Apple TV+’s ‘The Last Frontier’ begins with a jailbreak that occurs 30,000 feet in the air. A plane carrying a group of criminals explodes midair, leading it to crash in the freezing Alaskan wilderness, at a short distance from the town of Fairbanks. While a lot of criminals die, some survive, and one of them is a high-priority prisoner known as Havlock. US Marshal and a native of Fairbanks, Frank Remnick, is put in charge of apprehending the escaped convicts, but for Havlock, he receives special help from the CIA in the form of Agent Sidney Scofield. To catch the criminal, Frank must know who he is, and that’s where the CIA’s Atwater Protocol comes into the picture. SPOILERS AHEAD.
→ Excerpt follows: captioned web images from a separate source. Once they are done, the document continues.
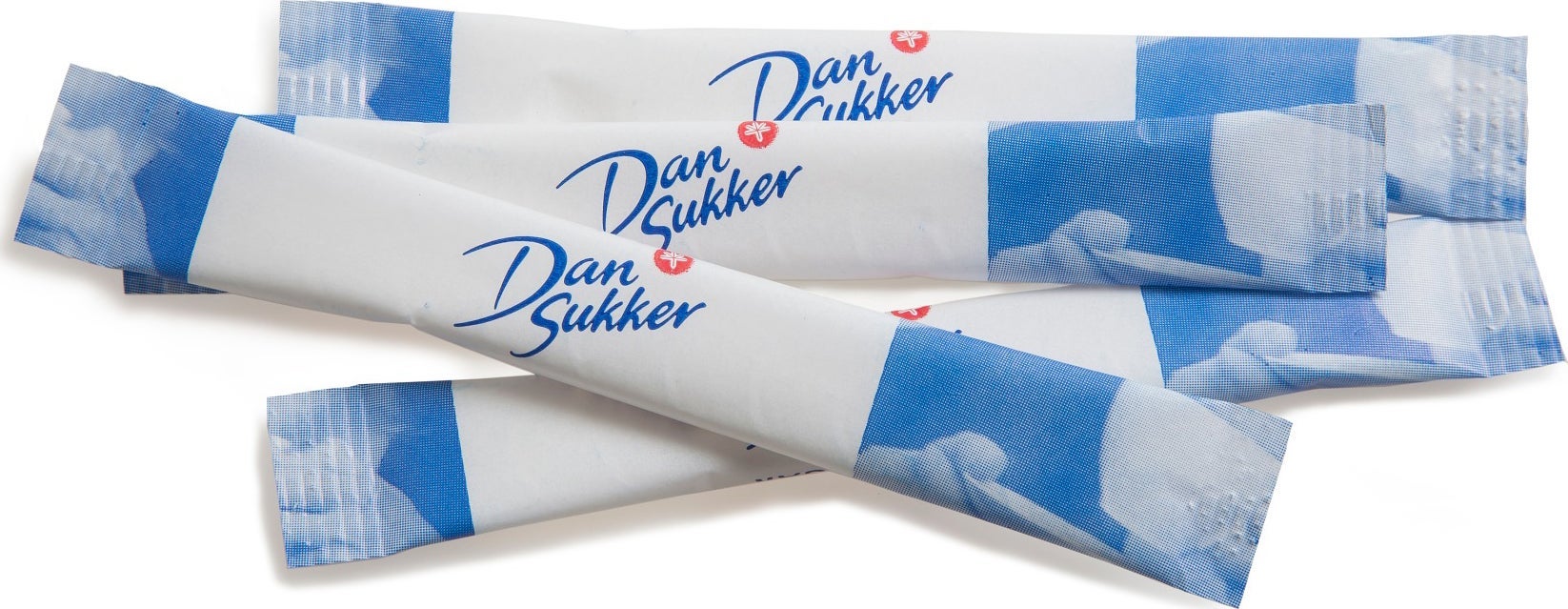 [8552304] Strösocker 4 g/rör 1000 rör/fp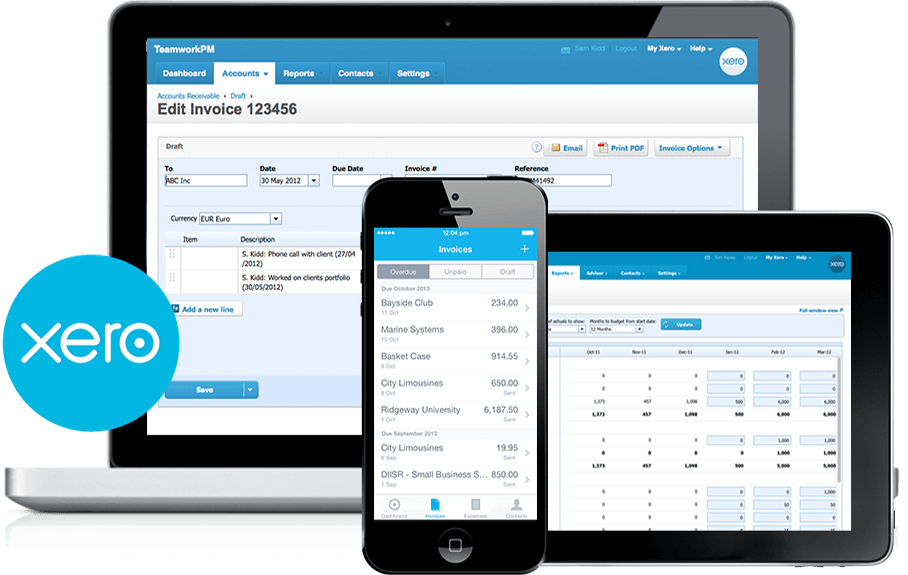 time and attendance software
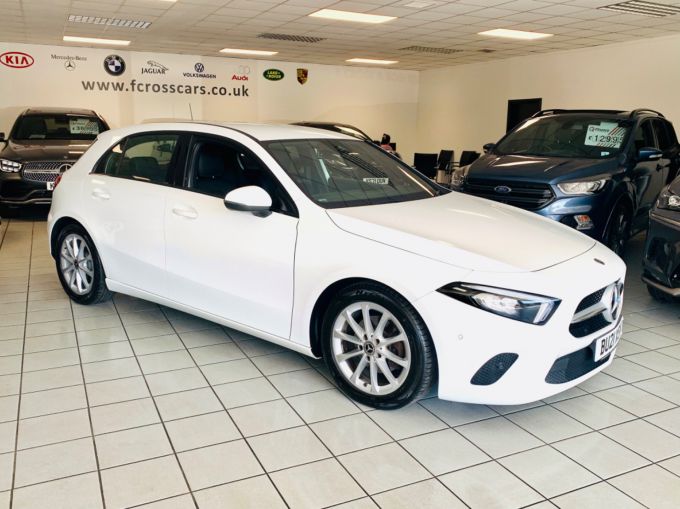 MERCEDES A-CLASS A 180 SPORT EXECUTIVE - 5729 - 5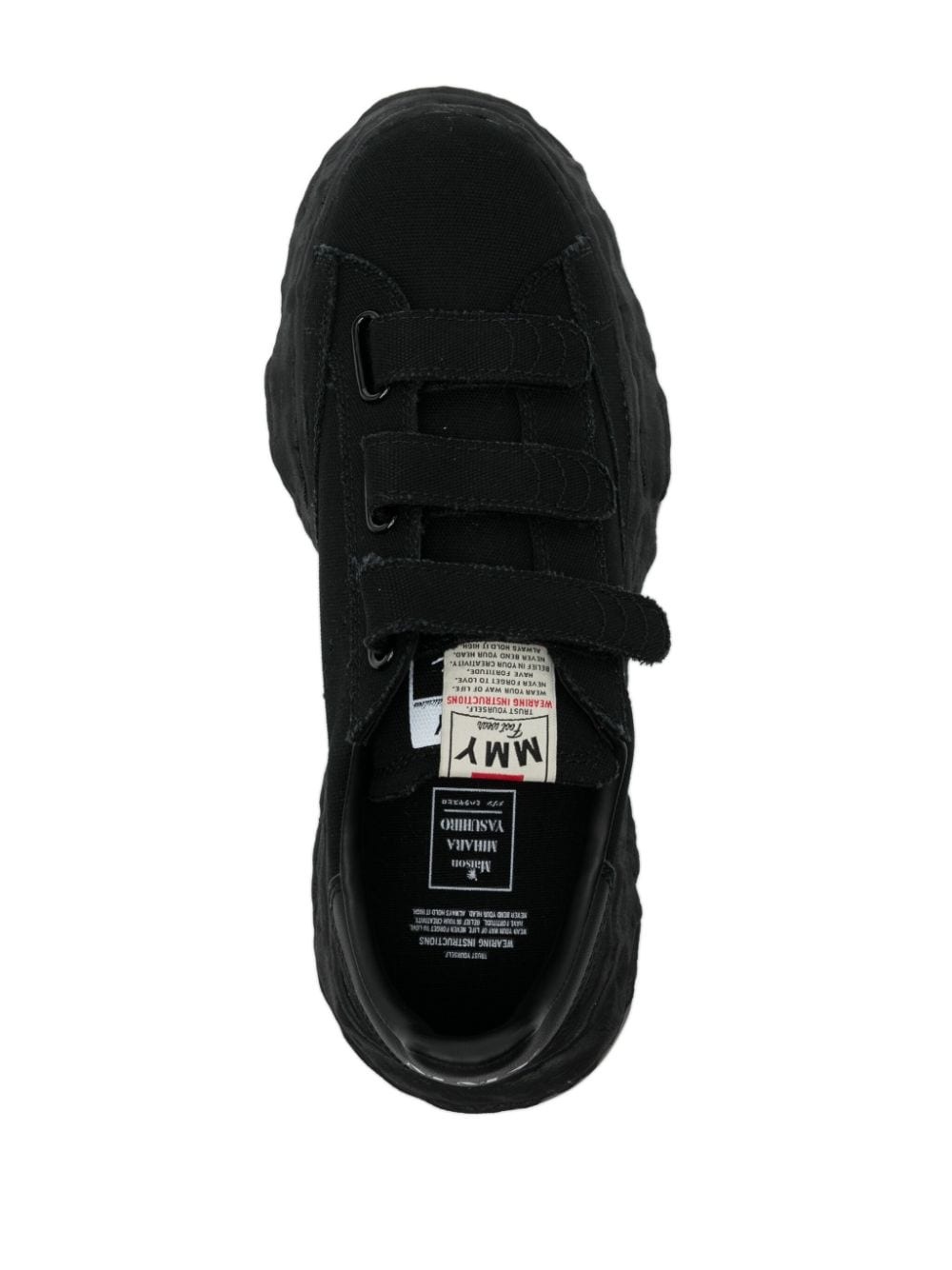 Charles touch-strap sneakers - 6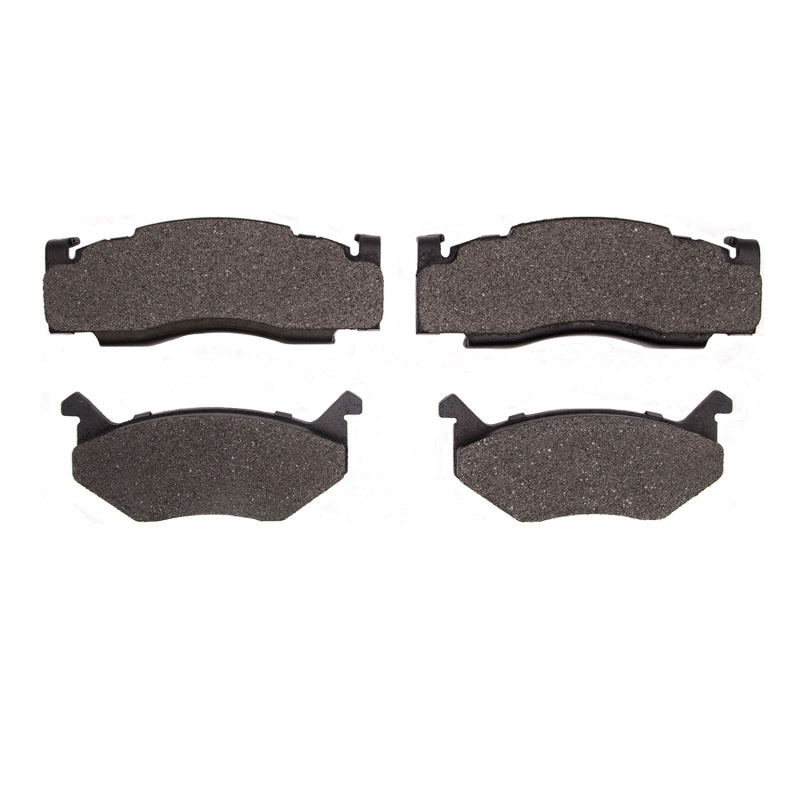 R1 Front & Rear Semi-Metallic Brake Pads 1973-1989 Chrysler/Dodge & More - 2311-0084-00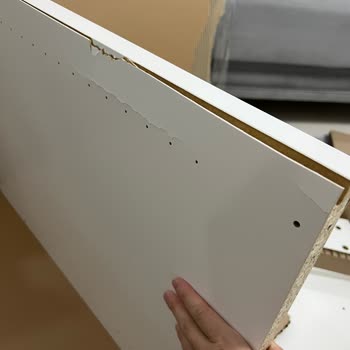 Kırık IKEA Micke Çalışma Masası İçin Değişim Ve İade Talebine Yanıt Gelmedi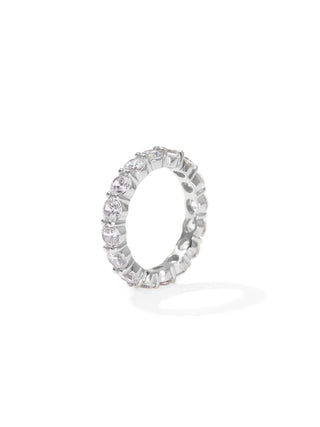 GLAMOROUS - Ring • Color: White Gold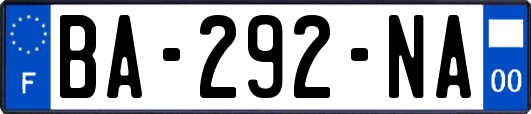 BA-292-NA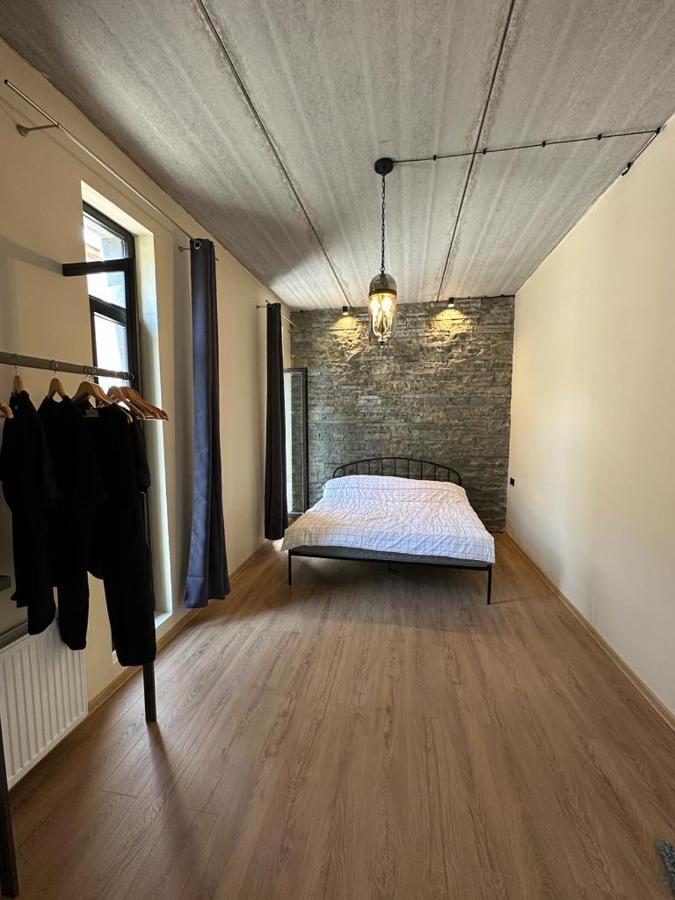 فيلا Alpine Escape Kazbegi المظهر الخارجي الصورة
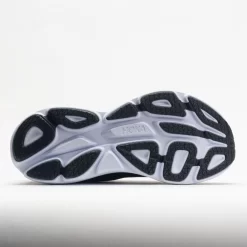 HOKA Bondi 8 Men's Black/White -fashion shoes 048480 4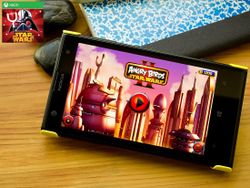 Angry Birds Star Wars II update for Windows Phone adds Rise of the Clones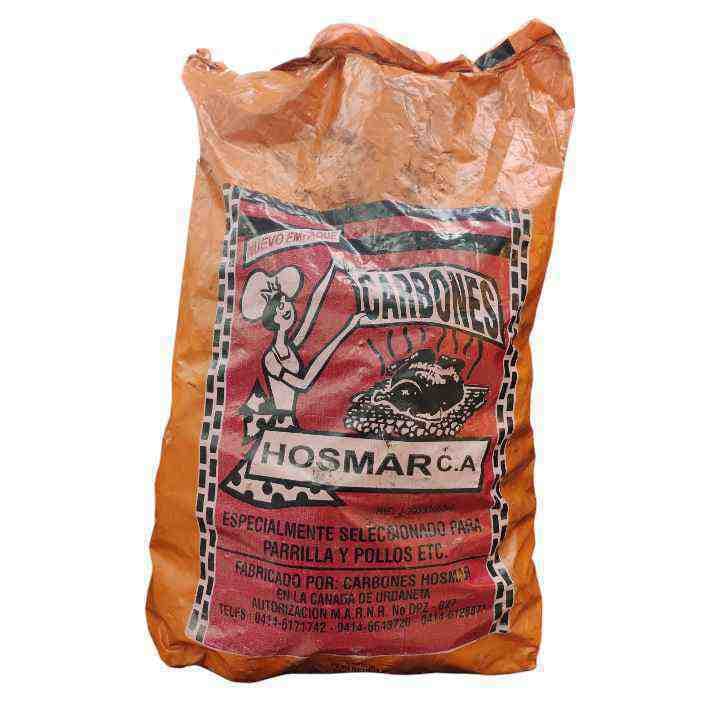 CARBON VEGETAL 3Kg
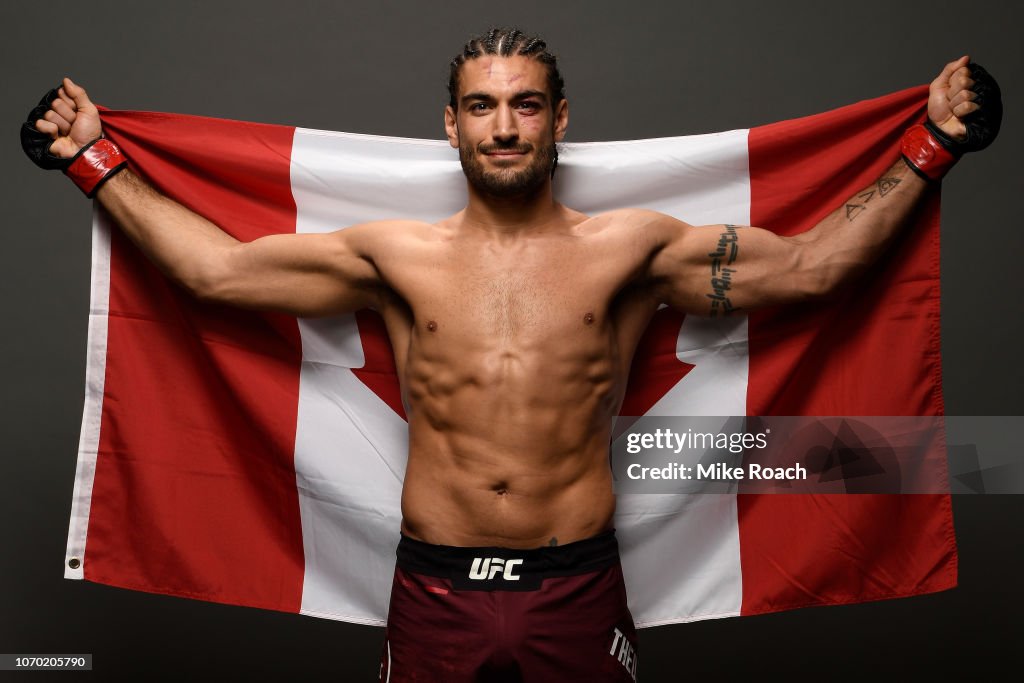 UFC 231: Holloway v Ortega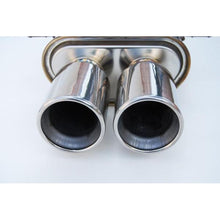 Load image into Gallery viewer, Invidia 07+ R56 Mini Cooper S Q300 Stainless Steel Tip Cat-back Exhaust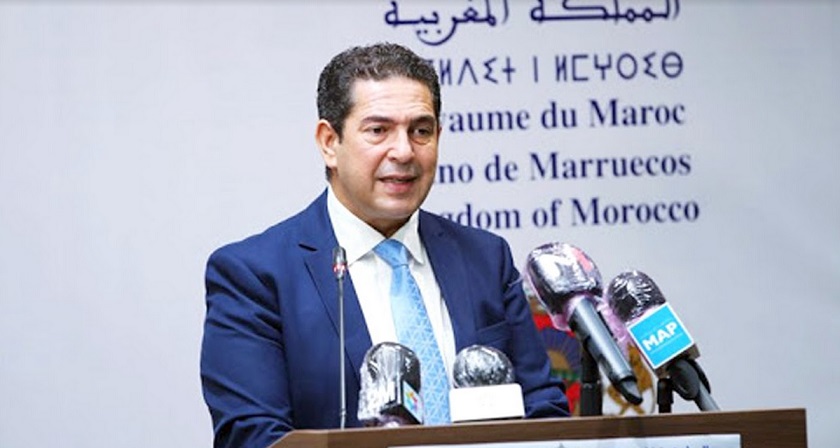 Saaïd Amzazi : Il n’y aura pas d’année blanche pour cause de pandémie Saaïd Amzazi : Il n’y aura pas d’année blanche pour cause de pandémie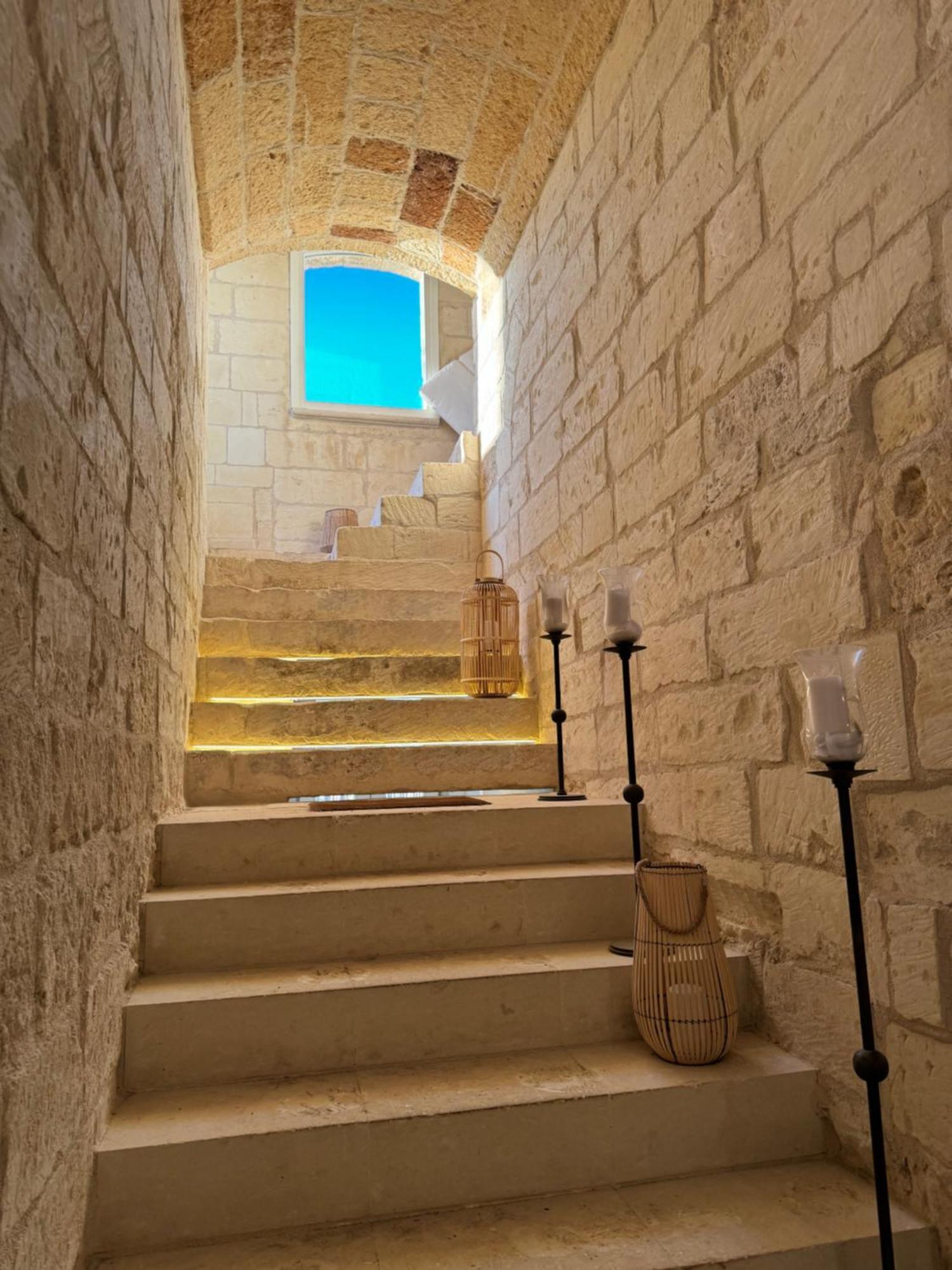 Luleccio Lecce Exterior foto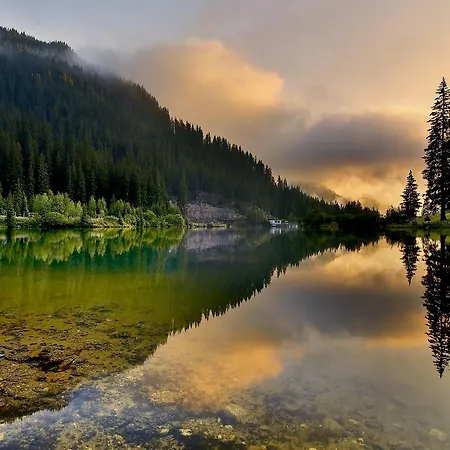 Lägenhet Haus Abendrot *
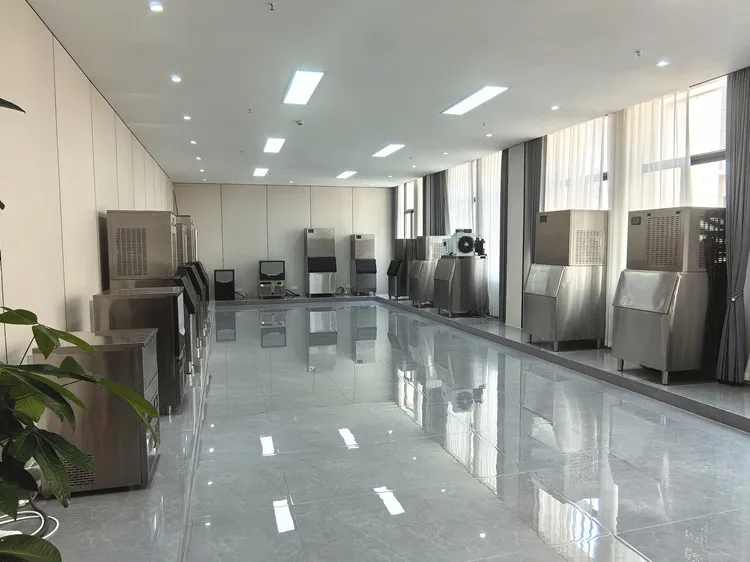 Высококачественная машина для изготовления льда, автоматическая машина для изготовления снега и льда, коммерческая машина для изготовления льда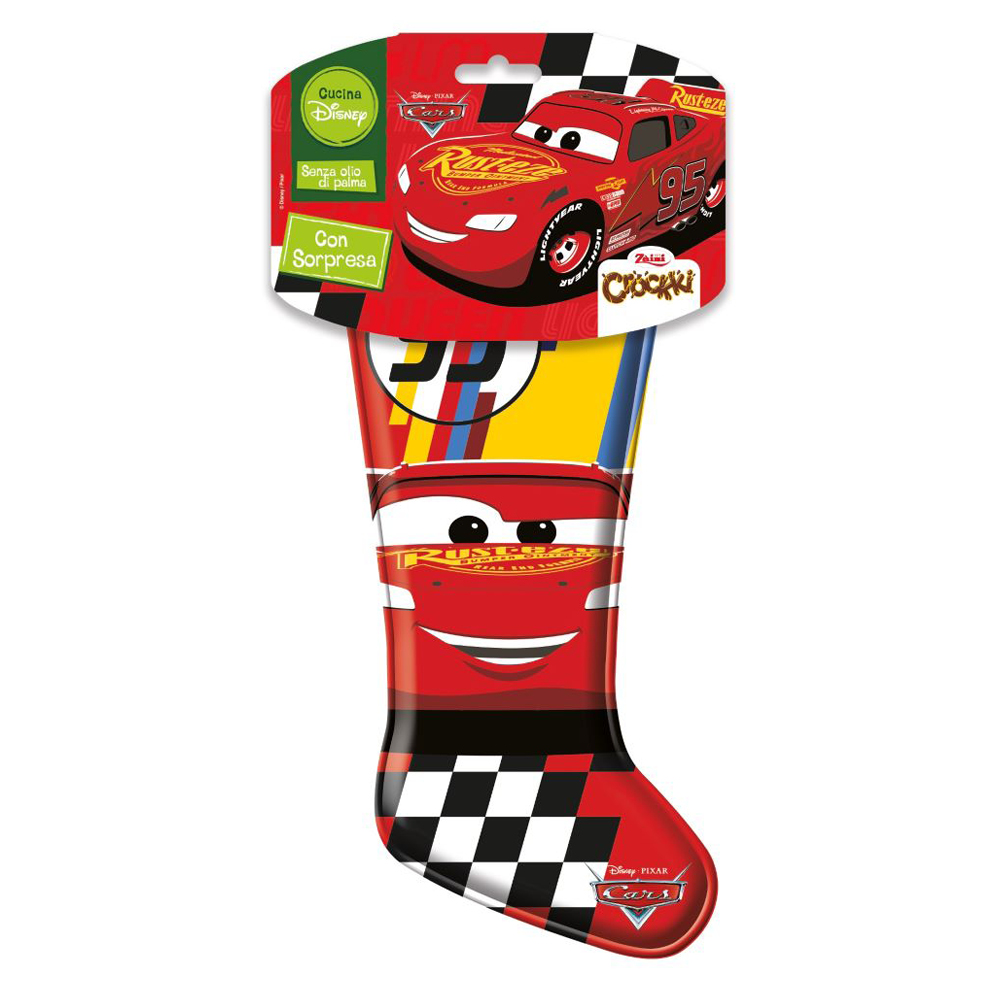 Cars 3 Stocking 168g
The Fictional Atwater Protocol Catalyzes the Conflict in The Last Frontier

‘The Last Frontier’ is a fictional story that comes from the minds of Jon Bokenkamp and Richard D’Ovidio, with every character and plot line being made-up to serve a topsy-turvy ride to the viewers. The Atwater Protocol is mentioned in the first episode as a highly covert CIA black ops program, and much like everything else in the show, this, too, is a fabrication. There is no real-life Atwater Protocol. There is something called the Atwater System, but it is concerned with determining calories in a food item and has nothing to do with a top-secret spy mission. In the show, Atwater Protocol emerges as a critical point that sets the ball rolling for the events leading to the plane crash.

Talking about the origins of Havlock, Sidney Scofield tells Frank Remnick that it started with a rumor that swirled around in espionage agencies. It was discovered that someone within the CIA had been leaking classified information. This person was incredibly well-placed, and they did not seem to be motivated by any political or financial agenda. It appeared that their beef with the agency was purely ideological, and they, having lost their faith in the system, wanted to dismantle and destroy the system of American governance. Their extremely accurate intel created so much damage that the Department of Justice had to create a multiagency task force to figure out their identity. Or at least, that was the story on the surface. In reality, there was no such leak.

This mole was a story created by the CIA so that they could use it to track real moles within the agencies and locate and terminate their enemies. This project was called the Atwater Protocol. Under this program, the agency deployed its highly trained agents as supposed leaks, whose real job was to track down the real enemies and eliminate them. A man named Levi Taylor Hartman was recruited for this purpose. He was trained by Scofield herself and was given the codename Havlock. For a time, he served the agency exceptionally. But then, a month before the events of the show, he turned the ghost story real. He turned his back on the CIA, went AWOL with confidential information, and became the very threat that the CIA had concocted out of thin air, and now they must stop him at all costs or lose the very core of the agency.